United Russia issued an appeal to Russian President Dmitry Medvedev early Wednesday with a request that the construction the high speed roadway through the forest be halted, Interfax reported.

Earlier in the day, Oleg Mitvol, prefect of the northern administrative distric of Moscow told the website that Luzhkov supported the building of the highway via an alternative route that circumvents the forest. According to, Luzhkov endorsed running the highway through the Molzhaninov Region, which is also to the north of Moscow.

The Defenders of Khimki Forest, an ad hoc group of environmentalists, have long worked for this outcome. The decision by the Moscow city administration comes after 3,000 strong gathering in central Moscow’s Pushkin Square Sunday that was attended by several high profile Russian rock musicians, including Shevchuk of the popular DDT.

Despite the fact that authorities had forbidden the gathering to hold a concert or set up the equipment necessary to do so, Shevchuk nonetheless sang two of his popular songs with the help of a megaphone as protestors sang along.

Yesterday at a U2 concert at Moscow Luzhniki stadium, police forbade Amnesty International, Greenpeace, and The ONE Campaign, an international foundation on AIDS education, to demonstrate, and a handful of demonstrators were arrested.

U2’s front man Bono has been in Moscow for several days and held private talks with Medvedev on environmental and human rights issues.

The arrests brought enormous outcry from concert organizers: Environmental and human rights groups routinely distribute information at U2 concerts throughout the world, and yesterday’s concert represents the first time this was not allowed by authorities.

Later in the concert, Shevchuk was invited onstage to sing a duet of Bob Dylan’s “Knockin’ on Heaven’s Door” with Bono. Some 60,000 people were in attendence.

It is hoped that the participation of the rock stars in protesting the clear cutting of Khimki will continue to override authorities’ wishes.

“It’s surprising, but in Khimki, where the authorities keep stepping on the same rakes, a decision has been made for the first time by the authorities, and after the massive rallies, maybe they thought ‘maybe we can do this differently,” said Environment and Rights Centre Bellona Director Nikolai Rybakov.

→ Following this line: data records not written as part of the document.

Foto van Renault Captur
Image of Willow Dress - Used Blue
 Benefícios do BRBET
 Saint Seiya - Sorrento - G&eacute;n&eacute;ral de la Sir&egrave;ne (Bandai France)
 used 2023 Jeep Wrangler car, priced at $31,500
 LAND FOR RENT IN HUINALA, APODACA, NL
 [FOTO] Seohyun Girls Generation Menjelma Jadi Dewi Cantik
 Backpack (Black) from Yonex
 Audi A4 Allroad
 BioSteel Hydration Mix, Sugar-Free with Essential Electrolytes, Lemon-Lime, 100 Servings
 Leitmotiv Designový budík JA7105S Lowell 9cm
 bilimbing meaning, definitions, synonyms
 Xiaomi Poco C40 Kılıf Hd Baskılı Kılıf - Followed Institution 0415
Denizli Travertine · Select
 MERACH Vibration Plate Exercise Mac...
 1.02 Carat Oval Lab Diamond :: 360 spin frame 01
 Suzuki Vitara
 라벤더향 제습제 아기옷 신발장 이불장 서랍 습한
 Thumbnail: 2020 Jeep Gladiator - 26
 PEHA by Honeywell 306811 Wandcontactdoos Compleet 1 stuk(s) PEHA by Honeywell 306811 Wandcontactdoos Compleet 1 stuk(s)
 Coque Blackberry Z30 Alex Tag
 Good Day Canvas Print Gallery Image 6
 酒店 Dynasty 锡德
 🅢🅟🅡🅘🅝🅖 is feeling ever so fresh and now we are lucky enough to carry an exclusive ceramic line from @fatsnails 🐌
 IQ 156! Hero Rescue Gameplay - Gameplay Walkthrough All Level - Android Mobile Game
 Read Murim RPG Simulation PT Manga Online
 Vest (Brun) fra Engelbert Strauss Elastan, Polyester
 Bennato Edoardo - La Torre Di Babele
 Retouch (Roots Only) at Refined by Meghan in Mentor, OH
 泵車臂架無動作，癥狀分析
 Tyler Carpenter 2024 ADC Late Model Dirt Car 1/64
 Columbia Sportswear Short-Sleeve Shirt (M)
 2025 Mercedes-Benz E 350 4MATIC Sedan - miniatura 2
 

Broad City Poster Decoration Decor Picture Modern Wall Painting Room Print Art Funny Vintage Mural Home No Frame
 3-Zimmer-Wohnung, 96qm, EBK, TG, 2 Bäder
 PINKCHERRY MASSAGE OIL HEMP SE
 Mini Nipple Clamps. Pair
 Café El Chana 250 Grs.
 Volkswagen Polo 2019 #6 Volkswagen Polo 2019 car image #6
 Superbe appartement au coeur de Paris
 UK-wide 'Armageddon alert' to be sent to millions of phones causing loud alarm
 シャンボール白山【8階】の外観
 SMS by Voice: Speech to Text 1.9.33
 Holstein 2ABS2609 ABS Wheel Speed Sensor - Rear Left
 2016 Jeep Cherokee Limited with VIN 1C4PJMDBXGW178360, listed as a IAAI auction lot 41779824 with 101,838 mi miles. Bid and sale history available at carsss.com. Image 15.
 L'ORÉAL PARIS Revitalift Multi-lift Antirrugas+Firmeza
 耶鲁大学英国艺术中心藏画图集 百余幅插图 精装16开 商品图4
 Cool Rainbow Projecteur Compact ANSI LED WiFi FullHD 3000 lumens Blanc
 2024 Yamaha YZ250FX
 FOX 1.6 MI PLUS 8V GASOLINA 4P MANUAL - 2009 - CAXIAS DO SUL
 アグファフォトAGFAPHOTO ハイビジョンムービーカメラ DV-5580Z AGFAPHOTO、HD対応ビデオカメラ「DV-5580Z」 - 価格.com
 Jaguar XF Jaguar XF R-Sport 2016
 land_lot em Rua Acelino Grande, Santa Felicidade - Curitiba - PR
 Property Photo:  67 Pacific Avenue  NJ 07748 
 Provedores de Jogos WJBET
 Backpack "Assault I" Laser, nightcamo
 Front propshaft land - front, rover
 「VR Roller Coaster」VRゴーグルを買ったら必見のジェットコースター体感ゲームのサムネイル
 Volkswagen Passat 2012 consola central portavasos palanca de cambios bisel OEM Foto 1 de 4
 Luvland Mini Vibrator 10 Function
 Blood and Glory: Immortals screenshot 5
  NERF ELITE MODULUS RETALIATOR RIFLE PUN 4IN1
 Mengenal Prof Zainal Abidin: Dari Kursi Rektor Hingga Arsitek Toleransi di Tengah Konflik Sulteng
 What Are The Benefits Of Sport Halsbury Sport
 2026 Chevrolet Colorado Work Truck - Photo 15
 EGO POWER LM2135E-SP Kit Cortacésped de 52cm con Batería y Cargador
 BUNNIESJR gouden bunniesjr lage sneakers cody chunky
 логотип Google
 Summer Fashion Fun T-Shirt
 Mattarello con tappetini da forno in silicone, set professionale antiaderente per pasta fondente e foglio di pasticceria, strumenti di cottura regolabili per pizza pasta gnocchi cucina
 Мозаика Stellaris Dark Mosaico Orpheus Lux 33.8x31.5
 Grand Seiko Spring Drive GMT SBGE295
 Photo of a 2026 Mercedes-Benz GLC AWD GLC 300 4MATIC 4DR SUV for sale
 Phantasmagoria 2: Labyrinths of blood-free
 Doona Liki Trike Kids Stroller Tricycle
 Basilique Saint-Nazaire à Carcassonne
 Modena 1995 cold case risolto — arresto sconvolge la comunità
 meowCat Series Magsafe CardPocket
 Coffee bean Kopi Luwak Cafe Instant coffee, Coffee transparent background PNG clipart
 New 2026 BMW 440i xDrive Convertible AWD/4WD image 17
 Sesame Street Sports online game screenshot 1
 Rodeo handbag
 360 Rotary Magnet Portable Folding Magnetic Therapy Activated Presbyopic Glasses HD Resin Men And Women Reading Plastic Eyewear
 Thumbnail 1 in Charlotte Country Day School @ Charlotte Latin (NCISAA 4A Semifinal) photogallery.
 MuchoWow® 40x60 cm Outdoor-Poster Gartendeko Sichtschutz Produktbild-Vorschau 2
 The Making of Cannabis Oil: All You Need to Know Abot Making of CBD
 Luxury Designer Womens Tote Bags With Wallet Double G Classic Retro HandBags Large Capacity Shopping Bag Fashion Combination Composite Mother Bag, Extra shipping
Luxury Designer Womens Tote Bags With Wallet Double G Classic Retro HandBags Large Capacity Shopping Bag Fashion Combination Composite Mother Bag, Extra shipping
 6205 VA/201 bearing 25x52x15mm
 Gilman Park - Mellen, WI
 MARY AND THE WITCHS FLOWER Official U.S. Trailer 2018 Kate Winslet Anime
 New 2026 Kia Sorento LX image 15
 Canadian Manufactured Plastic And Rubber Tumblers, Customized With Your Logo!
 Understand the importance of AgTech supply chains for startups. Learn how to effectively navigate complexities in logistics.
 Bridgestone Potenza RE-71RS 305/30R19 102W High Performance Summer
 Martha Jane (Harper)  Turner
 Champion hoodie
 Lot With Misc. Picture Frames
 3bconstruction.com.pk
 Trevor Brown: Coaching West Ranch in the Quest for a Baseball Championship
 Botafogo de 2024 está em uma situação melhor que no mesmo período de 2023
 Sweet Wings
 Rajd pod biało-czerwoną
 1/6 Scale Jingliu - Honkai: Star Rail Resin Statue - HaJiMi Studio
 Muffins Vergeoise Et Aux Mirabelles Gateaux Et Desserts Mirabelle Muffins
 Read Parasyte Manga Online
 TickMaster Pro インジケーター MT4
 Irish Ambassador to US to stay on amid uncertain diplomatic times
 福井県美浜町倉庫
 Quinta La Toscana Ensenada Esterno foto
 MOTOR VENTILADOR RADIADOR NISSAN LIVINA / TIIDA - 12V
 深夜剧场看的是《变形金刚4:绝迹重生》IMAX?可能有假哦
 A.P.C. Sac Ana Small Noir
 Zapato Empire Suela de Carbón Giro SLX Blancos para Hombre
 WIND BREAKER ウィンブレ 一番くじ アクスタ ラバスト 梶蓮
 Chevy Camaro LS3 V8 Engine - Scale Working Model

“All of these huge projects must set the stage for a wide public discussion, which should lead to a compromise, and that has never really happened in our country so far,” said Rybakov.

Plans to build the highway have long angered locals. Mikhail Beketov, the editor of Khimkskaya Pravda newspaper, was savagely beaten in 2008 for what his supporters say was his extensive reporting on the issue. His attackers have not been found and he remains in hospital.

Alexander Gorbanovsky and Charles Digges wrote this report.